- Born: 3 October 1936 Chlumec nad Cidlinou, Czechoslovakia
- Died: 11 January 2025 (aged 88) Prague, Czech Republic
- Education: Academy of Performing Arts in Prague
- Occupations: Conductor, Teacher
- Children: 1

= Mario Klemens =

Czech conductor (1936–2025)

Mario Klemens (3 October 1936 – 11 January 2025) was a Czech conductor and educator of conducting. He was a conductor for the Film Symphony Orchestra.

==Life==
Klemens was born on 3 October 1936 in Chlumec nad Cidlinou. He was awarded 1st mention at the 1966 International Besançon Competition for Young Conductors (no first prize was awarded that year). In 1967, he graduated in conducting from the Academy of Performing Arts in Prague. With the Film Symphony Orchestra, has recorded music for more than 150 films.

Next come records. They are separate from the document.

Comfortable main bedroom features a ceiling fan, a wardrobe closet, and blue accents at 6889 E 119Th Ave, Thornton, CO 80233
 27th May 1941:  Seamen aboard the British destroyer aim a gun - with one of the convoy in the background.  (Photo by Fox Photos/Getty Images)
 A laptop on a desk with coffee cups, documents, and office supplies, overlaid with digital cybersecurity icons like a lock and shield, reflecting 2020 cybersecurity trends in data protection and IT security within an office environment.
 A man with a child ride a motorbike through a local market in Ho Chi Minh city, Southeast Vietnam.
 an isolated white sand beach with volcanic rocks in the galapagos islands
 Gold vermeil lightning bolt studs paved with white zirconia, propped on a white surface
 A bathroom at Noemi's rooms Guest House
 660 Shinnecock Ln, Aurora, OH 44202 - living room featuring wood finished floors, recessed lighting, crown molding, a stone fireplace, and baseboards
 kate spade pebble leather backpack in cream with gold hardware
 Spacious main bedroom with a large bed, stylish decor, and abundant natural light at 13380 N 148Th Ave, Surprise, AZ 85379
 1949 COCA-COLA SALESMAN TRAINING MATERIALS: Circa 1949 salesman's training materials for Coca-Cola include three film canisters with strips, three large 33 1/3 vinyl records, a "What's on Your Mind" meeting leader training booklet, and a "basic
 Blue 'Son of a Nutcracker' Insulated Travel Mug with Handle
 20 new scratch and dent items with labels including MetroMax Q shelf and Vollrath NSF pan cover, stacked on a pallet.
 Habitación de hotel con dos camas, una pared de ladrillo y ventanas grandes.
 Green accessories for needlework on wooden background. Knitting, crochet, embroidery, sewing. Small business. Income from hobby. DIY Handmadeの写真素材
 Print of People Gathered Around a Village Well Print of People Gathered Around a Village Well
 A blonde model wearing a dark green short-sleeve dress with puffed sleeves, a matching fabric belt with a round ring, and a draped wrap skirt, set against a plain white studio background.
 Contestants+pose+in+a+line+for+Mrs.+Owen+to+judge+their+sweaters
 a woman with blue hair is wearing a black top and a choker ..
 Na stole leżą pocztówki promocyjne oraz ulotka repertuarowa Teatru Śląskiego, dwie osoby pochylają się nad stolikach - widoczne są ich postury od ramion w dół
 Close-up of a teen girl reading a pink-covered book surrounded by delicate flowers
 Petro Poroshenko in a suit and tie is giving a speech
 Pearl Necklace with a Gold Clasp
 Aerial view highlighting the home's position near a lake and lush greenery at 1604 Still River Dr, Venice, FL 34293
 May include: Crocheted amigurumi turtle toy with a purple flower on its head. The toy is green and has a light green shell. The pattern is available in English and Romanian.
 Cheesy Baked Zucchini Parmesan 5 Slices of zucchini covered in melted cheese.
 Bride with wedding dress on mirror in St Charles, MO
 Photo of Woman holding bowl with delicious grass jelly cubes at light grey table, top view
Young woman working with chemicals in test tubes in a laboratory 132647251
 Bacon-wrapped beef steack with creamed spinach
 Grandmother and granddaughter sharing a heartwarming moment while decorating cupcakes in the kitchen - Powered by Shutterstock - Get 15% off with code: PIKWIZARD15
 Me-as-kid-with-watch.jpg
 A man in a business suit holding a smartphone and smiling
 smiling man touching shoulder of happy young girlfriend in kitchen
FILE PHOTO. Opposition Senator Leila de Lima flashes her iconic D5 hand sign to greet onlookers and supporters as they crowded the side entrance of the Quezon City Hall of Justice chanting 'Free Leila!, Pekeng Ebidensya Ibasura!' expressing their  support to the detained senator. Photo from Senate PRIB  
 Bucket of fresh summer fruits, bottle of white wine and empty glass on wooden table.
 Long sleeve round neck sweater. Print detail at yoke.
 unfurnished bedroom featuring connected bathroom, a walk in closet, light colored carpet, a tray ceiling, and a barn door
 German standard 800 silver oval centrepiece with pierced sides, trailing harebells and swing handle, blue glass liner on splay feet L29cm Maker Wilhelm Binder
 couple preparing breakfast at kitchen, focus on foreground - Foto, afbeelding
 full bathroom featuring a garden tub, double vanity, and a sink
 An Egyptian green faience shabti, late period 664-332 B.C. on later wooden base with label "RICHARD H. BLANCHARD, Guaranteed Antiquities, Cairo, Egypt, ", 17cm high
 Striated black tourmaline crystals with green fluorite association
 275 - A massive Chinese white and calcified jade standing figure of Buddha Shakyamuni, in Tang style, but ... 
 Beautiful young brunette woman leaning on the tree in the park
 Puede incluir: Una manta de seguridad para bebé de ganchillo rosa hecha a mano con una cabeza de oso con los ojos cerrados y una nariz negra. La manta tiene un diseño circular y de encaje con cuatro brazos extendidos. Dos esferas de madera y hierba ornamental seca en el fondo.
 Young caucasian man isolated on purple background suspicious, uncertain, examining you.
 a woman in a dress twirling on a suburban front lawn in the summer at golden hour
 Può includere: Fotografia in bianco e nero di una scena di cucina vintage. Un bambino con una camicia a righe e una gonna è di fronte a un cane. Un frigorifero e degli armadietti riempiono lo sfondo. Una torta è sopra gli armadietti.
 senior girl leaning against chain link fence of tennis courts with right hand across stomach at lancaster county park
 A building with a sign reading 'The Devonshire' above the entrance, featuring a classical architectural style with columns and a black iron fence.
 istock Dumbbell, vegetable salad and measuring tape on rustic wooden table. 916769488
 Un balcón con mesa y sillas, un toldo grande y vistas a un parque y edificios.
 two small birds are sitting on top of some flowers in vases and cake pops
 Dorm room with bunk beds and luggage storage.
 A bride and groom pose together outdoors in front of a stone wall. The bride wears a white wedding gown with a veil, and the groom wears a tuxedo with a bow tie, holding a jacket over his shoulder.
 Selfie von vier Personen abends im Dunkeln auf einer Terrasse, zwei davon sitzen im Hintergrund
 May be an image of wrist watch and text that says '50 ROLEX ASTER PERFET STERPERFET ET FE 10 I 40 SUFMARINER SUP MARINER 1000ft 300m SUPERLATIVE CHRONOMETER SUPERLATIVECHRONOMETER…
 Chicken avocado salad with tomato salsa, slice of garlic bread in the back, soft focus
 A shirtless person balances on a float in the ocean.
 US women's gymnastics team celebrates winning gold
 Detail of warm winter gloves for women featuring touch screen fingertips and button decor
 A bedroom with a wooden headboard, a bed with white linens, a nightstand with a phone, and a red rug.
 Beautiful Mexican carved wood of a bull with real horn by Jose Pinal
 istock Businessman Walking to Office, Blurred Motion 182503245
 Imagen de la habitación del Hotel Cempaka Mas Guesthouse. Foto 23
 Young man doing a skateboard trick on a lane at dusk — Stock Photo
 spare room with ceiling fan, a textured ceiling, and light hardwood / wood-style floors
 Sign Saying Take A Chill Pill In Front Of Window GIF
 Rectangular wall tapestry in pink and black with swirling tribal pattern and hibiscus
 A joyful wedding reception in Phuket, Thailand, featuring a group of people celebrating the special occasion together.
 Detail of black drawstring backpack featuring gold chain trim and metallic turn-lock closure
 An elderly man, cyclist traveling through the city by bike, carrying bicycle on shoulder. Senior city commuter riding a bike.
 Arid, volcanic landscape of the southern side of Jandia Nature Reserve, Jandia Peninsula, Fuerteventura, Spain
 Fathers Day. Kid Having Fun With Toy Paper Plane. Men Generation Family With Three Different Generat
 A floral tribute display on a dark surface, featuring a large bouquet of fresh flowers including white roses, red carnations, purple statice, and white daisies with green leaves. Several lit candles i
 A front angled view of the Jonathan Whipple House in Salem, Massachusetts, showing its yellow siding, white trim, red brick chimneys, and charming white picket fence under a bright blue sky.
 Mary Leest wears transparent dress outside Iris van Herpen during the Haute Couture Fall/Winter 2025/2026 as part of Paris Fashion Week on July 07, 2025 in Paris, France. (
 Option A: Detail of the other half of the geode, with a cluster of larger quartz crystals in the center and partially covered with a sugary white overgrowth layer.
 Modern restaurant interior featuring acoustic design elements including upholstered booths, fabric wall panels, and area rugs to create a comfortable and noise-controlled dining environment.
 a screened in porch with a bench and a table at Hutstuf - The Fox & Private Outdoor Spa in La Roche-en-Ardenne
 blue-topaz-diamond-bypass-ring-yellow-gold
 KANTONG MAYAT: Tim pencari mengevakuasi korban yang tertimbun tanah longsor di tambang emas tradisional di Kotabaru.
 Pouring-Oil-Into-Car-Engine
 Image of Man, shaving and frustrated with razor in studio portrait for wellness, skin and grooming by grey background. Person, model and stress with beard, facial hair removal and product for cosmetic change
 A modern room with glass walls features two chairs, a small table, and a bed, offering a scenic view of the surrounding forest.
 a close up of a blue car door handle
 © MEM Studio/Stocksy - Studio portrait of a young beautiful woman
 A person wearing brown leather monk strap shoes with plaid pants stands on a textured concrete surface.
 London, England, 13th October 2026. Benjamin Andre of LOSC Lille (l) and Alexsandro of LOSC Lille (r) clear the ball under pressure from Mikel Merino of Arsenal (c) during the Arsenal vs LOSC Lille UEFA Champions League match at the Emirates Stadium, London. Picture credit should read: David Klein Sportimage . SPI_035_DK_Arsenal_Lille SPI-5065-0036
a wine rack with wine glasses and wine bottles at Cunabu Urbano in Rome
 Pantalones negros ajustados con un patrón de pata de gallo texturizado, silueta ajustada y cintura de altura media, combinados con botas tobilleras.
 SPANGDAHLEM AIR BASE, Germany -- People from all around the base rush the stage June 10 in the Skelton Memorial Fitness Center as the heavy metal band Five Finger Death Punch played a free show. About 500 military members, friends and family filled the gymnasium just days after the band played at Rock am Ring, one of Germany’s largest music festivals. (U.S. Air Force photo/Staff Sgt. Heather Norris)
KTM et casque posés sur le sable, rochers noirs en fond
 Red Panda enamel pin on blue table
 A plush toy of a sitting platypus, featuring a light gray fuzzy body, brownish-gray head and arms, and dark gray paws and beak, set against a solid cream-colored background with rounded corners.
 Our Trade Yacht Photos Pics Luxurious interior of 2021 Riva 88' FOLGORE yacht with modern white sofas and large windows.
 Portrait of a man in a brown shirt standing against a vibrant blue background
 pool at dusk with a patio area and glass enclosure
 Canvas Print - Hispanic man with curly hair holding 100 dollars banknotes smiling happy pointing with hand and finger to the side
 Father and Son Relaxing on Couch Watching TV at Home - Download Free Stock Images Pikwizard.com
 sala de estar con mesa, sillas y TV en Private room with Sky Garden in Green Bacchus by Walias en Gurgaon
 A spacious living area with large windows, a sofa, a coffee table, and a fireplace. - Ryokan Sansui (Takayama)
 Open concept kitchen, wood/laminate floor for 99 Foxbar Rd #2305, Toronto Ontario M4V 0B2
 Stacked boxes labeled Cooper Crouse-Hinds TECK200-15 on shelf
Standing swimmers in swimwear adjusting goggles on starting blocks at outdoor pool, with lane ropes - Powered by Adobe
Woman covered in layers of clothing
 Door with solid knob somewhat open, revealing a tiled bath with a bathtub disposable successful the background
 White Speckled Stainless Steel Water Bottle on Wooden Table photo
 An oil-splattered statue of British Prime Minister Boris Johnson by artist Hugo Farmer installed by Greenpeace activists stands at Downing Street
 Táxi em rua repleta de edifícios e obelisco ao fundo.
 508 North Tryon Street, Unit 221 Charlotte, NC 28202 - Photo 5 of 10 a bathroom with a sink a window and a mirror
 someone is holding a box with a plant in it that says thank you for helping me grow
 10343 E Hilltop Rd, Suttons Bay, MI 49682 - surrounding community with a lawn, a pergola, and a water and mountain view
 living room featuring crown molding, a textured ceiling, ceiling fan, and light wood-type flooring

He died on 11 January 2025, at the age of 88. On 22 January 2025, the Czech Film and Television Academy announced, that he would be awarded the Czech Lion Award for Unique Contribution to Czech Film, together with Czech film director, actor and screenwriter Karel Smyczek.

His son Adam Klemens (born 1967) is a Czech composer and also conductor.